I had Courtney exactly where I wanted her.

It was time to move on to phase three. And I was beginning to understand what I had to do if I wanted these spoiled, rich, dead kids to pay.

Chapter Eighteen

Under the library’s stained glass window, I slid into a seat opposite Ayaz. He’d already spread several books across the table and had one open in front of him, a handful of notes jotted down. But he wasn’t reading the book. Instead, he shaded a drawing of a girl in a flowing dress standing beneath a gnarled tree. I leaned forward, trying to get a good look at the picture. The girl had long, midnight hair. Was it meant to be Zehra—

Ayaz saw me looking and shoved his pad under one of the books.

“Hey,” I said.

He grunted in reply.

“She wasn’t wearing a dress. She had warm leggings and hiking boots. Much more sensible than what I’d been wearing,” I added, remembering my ruined velvet dress and torn stockings.

Silence.

Rage radiated off Ayaz. I could practically see waves of it bending space-time around him, sucking all the happiness out of the air into a black hole of misery.

What’s he so pissed about?This was the first time we’d spoken since the movie night when he’d seen me with Trey and Quinn. Before that, we’d been reading through our stack of occult books together almost every evening, but Ayaz hadn’t invited me to his room since. He avoided me in class and the dining hall. Finally, it was only when Dr. Morgan remarked that we seemed stalled on our research project about the Salem witches that he’d grunted out an invitation to study in the library during our free period.

If it was any other guy, I’d say he was jealous. But this can’t be about Trey and Quinn. Ayaz has no claim on me. He only kissed me in the grotto so we could talk about his sister without anyone overhearing.

Besides, he’s sleeping with the Deadmistress.

Even though it was an amazing kiss… it didn’t mean anything. So what was he so pissed about? Was it about Zehra? We hadn’t talked about her again since the grotto. Maybe he wished I’d got more from her, that I hadn’t let her disappear so quickly?

“If we’re going to study together, we have to actually speak,” I said.

“Fine.” Without looking up, he tossed a book across the table. “Dr. Morgan thinks we need to do some more work on the section of our project about the evolution of witchcraft. He suggested we look into the spiritualism movement. Here’s a book.

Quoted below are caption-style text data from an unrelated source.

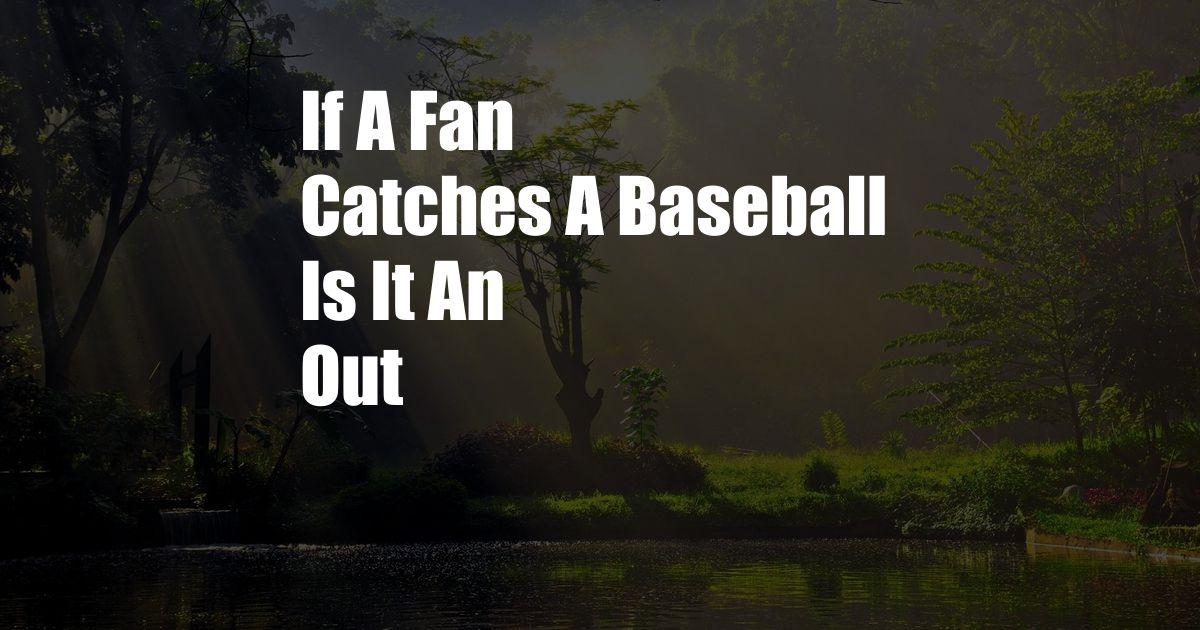 If A Fan Catches A Baseball Is It An Out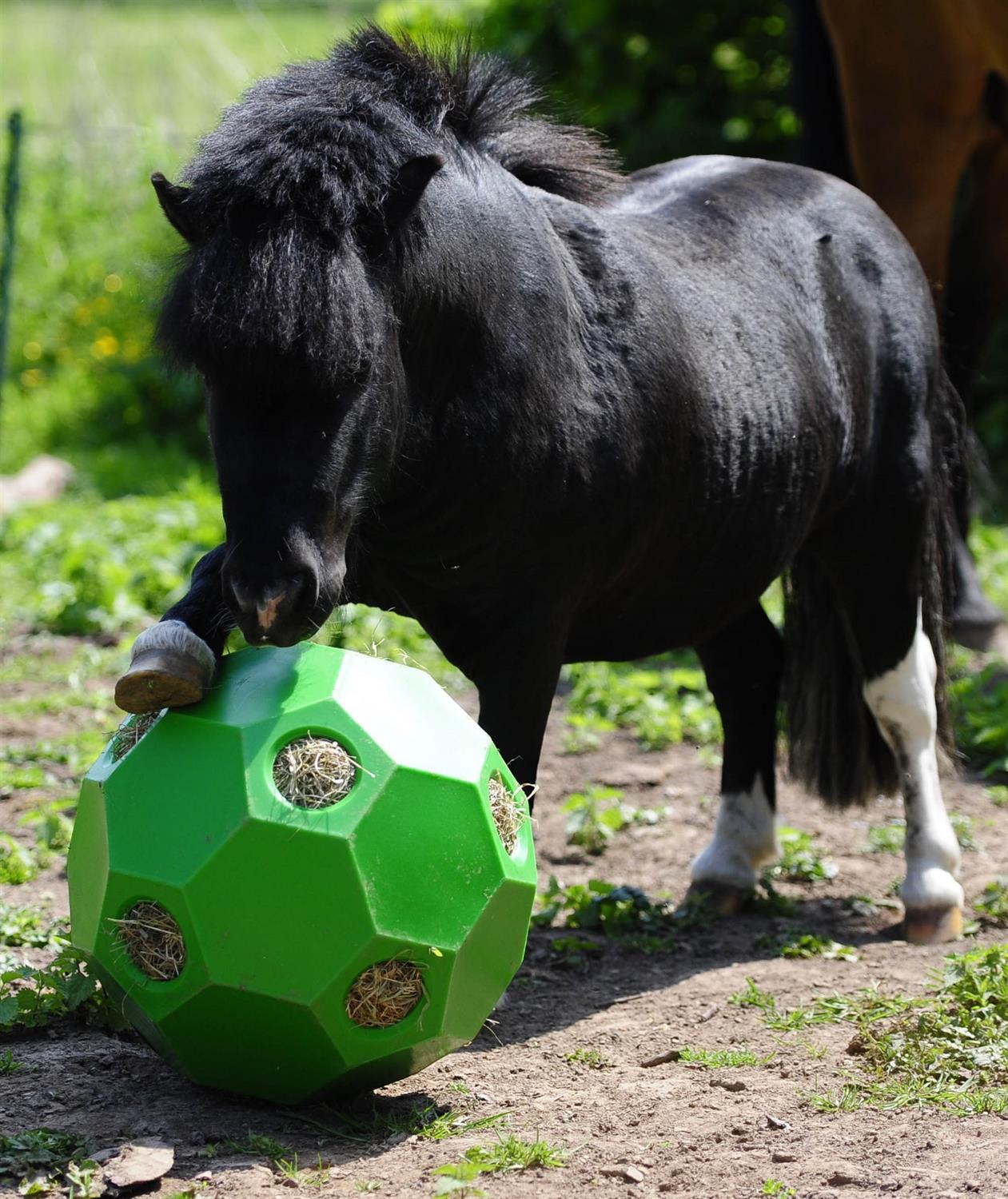 Hay Play Heuball Futterball Heufütterer Pferde Pferdespielzeug Farbe wählbar 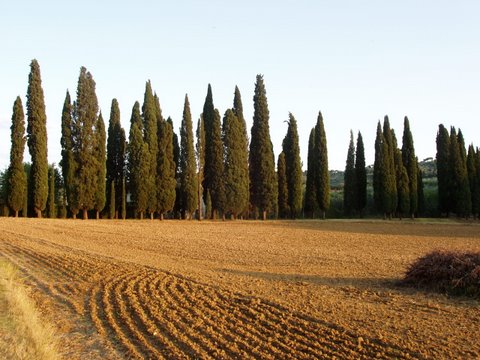 italy_07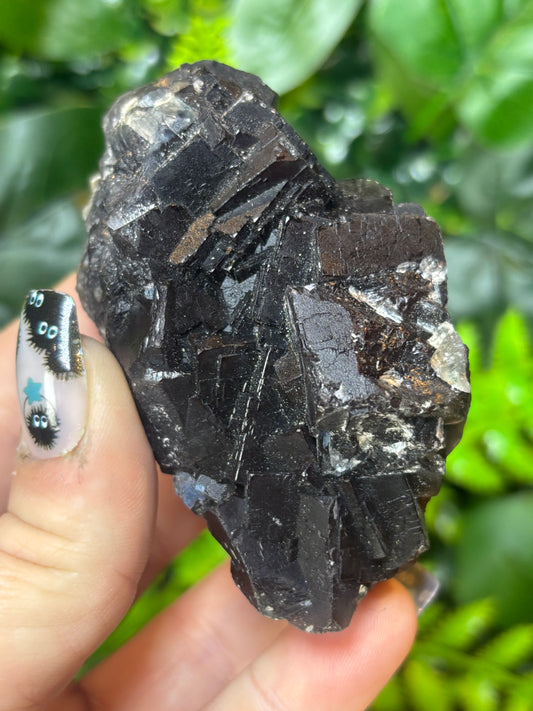 Black Rose Fluorite - Pakistan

Make some notes.”

“You don’t want to—”

“Fuck no.”

Fine.I flipped open the book and started reading, but I couldn’t concentrate with Ayaz fuming across the table. I leaned across and tapped the top of his page until he emitted a low, warning growl.

“Are you mad at me about something?”

“Nope.” He didn’t look up from his books.

“So you woke up on the wrong side of the bed, or what?”